A nerdy teacher’s guide to ISTE 2014

Nick Provenzano at ISTE 2013

Nicholas Provenzano receives an Outstanding Teacher award at ISTE 2013.

If this is your first time attending ISTE’s big conference, there are a few things you need to know. Having attended four previous events, I’ve figured out how to get the most out of the experience.

Here’s what you need to think about when getting ready for ISTE 2014:

1. Be comfortable. This is not a super fancy affair where you need to rock your heels or loafers. You’ll be walking and standing more than you can imagine, so wear “getting around” shoes. When moving from session to session, hurrying to lunch and standing around talking to friends, you run the risk of having a miserable conference if you’re not in a comfortable pair of shoes.

2. Plan your schedule one day at a time. I say one day at a time because you might learn something new each day and that might alter what you want to see and do the next. It’s important to understand that you will not be able to see and do it all. There will be times when it’s impossible to attend all of the sessions you’re interested in, and you’ll have to rely on Twitter to fill you in.

3. Drink heavily. You’ll need to keep hydrated during the course of the day as you move from place to place. Carry a water bottle and fill it up frequently. You might not realize you’re thirsty in the air-conditioned convention center, and it’s easy to get so busy you forget to have a drink, but you’ll want to keep your stamina up for the evening events.

4. Eat something. Make sure you get your three meals a day — and possibly a fourth.
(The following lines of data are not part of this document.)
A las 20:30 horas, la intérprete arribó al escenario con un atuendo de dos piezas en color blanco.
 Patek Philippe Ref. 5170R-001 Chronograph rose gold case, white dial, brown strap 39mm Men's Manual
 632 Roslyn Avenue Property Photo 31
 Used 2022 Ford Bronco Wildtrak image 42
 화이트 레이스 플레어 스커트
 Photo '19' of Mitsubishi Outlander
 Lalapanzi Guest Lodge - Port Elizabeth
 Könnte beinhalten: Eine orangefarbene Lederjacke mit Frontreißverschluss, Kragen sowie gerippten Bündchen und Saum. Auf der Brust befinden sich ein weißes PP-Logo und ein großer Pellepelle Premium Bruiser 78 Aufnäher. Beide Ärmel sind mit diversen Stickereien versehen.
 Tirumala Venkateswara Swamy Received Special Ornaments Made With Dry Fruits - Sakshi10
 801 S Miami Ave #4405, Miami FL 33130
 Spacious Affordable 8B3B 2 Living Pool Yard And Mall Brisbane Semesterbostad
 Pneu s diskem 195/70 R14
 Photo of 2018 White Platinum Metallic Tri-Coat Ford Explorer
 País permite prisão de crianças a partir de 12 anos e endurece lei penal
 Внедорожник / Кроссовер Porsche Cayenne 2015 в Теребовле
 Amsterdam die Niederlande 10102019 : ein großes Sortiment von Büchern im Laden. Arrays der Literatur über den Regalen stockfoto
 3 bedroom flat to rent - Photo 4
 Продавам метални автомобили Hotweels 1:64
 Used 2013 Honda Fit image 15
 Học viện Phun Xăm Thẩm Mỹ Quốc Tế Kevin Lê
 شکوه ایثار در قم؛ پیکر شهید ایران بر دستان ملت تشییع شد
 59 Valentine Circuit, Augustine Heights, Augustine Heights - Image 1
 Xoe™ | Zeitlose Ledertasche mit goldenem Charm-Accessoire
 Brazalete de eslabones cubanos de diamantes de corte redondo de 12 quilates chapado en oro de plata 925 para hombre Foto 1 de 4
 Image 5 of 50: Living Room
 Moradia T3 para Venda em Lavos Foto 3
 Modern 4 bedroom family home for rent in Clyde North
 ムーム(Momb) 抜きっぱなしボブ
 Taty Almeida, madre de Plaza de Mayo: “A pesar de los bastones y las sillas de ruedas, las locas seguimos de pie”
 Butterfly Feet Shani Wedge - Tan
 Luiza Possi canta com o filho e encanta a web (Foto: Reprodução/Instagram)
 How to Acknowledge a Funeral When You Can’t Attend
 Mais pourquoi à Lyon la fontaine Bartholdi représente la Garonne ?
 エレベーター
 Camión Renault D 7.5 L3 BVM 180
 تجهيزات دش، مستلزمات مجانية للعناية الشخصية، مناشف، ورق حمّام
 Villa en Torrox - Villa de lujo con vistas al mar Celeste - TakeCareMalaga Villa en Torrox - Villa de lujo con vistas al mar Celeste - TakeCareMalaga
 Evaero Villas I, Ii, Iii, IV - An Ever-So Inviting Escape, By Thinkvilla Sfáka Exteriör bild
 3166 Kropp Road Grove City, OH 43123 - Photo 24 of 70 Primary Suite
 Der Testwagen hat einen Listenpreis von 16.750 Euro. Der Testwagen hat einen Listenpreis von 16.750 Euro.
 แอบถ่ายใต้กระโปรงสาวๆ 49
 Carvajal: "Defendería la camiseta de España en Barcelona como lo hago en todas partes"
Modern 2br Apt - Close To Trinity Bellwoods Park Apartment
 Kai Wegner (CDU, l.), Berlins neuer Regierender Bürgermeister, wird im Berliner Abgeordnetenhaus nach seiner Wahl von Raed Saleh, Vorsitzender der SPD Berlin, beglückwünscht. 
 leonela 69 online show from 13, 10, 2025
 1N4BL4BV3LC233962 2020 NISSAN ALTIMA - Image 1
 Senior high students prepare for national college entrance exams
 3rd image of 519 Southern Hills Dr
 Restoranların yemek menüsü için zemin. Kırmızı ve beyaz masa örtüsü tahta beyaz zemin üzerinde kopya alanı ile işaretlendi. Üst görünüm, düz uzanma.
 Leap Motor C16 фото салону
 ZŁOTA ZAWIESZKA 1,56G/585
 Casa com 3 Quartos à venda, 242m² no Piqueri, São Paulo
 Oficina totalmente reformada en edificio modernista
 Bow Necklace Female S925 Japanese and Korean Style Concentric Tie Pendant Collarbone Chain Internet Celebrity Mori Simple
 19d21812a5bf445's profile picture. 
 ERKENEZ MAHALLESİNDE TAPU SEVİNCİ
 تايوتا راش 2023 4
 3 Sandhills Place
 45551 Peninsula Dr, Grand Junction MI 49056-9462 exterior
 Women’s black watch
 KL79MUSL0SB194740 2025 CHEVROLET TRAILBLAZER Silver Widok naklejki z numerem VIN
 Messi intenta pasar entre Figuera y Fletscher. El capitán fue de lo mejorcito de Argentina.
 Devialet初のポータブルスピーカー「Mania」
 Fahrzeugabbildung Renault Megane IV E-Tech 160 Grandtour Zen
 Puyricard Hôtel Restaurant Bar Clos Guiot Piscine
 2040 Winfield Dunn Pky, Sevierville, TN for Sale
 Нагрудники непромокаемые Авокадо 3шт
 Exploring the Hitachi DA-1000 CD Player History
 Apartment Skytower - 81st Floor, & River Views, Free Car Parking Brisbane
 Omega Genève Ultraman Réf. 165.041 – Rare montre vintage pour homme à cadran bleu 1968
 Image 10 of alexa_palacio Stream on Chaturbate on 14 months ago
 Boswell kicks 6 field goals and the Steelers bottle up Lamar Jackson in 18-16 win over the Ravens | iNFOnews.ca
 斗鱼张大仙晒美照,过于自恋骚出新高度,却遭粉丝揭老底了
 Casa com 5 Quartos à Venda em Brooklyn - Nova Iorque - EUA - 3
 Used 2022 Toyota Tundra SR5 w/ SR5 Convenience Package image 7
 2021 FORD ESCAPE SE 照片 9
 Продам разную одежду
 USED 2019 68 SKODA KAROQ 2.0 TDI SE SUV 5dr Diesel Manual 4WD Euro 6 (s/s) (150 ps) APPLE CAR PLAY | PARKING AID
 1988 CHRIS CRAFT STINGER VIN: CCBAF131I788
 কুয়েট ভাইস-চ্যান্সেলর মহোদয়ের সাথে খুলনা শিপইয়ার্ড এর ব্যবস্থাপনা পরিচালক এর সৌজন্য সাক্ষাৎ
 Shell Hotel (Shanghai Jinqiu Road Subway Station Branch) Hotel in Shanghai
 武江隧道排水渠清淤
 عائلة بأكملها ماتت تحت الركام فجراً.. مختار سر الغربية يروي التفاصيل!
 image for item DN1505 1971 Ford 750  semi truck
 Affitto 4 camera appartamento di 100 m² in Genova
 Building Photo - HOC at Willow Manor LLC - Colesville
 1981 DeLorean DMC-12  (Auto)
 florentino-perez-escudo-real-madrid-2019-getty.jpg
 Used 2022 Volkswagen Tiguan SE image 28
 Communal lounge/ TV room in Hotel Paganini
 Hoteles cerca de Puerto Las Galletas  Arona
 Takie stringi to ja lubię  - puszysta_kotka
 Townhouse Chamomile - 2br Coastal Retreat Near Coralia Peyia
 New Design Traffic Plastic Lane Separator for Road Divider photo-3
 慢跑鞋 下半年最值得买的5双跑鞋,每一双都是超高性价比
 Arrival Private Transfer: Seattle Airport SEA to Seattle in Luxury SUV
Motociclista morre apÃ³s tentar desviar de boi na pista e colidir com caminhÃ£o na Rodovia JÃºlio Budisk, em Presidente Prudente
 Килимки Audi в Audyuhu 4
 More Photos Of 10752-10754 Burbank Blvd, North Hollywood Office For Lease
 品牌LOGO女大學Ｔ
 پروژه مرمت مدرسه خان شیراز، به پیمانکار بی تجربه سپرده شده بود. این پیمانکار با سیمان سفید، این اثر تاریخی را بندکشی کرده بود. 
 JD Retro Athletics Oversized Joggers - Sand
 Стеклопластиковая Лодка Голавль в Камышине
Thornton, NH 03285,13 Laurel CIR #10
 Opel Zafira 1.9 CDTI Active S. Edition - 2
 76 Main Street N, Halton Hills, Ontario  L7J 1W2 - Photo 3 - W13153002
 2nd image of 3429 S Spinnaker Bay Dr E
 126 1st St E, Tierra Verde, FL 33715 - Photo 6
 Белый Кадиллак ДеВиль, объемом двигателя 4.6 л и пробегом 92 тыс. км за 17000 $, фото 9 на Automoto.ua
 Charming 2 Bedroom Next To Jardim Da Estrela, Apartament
It’s easy to get wrapped up and forget to have a relaxed meal, but remember that ISTE is a marathon, not a sprint. Find time for a good sit-down meal to rest and collect your thoughts.

5. Mingle! You’ll learn some interesting things in the sessions, but I truly believe the best learning happens in the hallways and lounge areas. Don’t be afraid to walk up to people and introduce yourself. We’re all there to learn, and we can only do that if others are willing to share. Most of us do not bite and would love to put a real face to the digital avatars from our PLNs.

6. Hit the exhibit hall. Even if you’re not in the position to make purchases for your building or district, you can come across some great tools that could help you in your classroom — and you can share them with the people who are in charge of purchases. The vendors also have great giveaways and are more than happy to answer your questions.

7. Bring business cards. You’ll meet many different people and it can be tough to remember everyone. Business cards are a great way to quickly share your information with another person so you can reconnect after the conference.

8. Attend the parties. This is a huge one. Keep your ears open and network to find out where the big after-hours events are. Not only is it fun to get free food and drinks, but parties are a great place to connect with some of your favorite companies. I’ve made some amazing connections with different groups that have really impacted the way I run my class.

9. Join Twitter. If you’re not on Twitter at this point, you’ll miss out on so much during the conference. Most of the speakers and many of the attendees share information and resources on Twitter. Following the #ISTE2014 hashtag adds an extra dimension to the experience — and follow me (@TheNerdyTeacher) to see the whacky things I’m up to!

10. Have fun! This one seems silly to say, but ISTE is an event that should be enjoyed and not viewed as work. Meet up with friends, have a drink and share stories from the school year. This is a great chance to surround yourself with people who love education and technology as much as you do. Embrace it and enjoy your time there. If you do this, you’ll want to come back year after year like me.

5 thoughts on “A nerdy teacher’s guide to ISTE 2014

  1. I’m a newbie (to ISTE, not life) and I am trying soak in all the advice for newcomers. Getting more and more excited!

  2. I am super excited and on my way to Atlanta as I type! (I am not the driver, lol) Your tips are really helpful and I hope to meet you and other fantastic educators!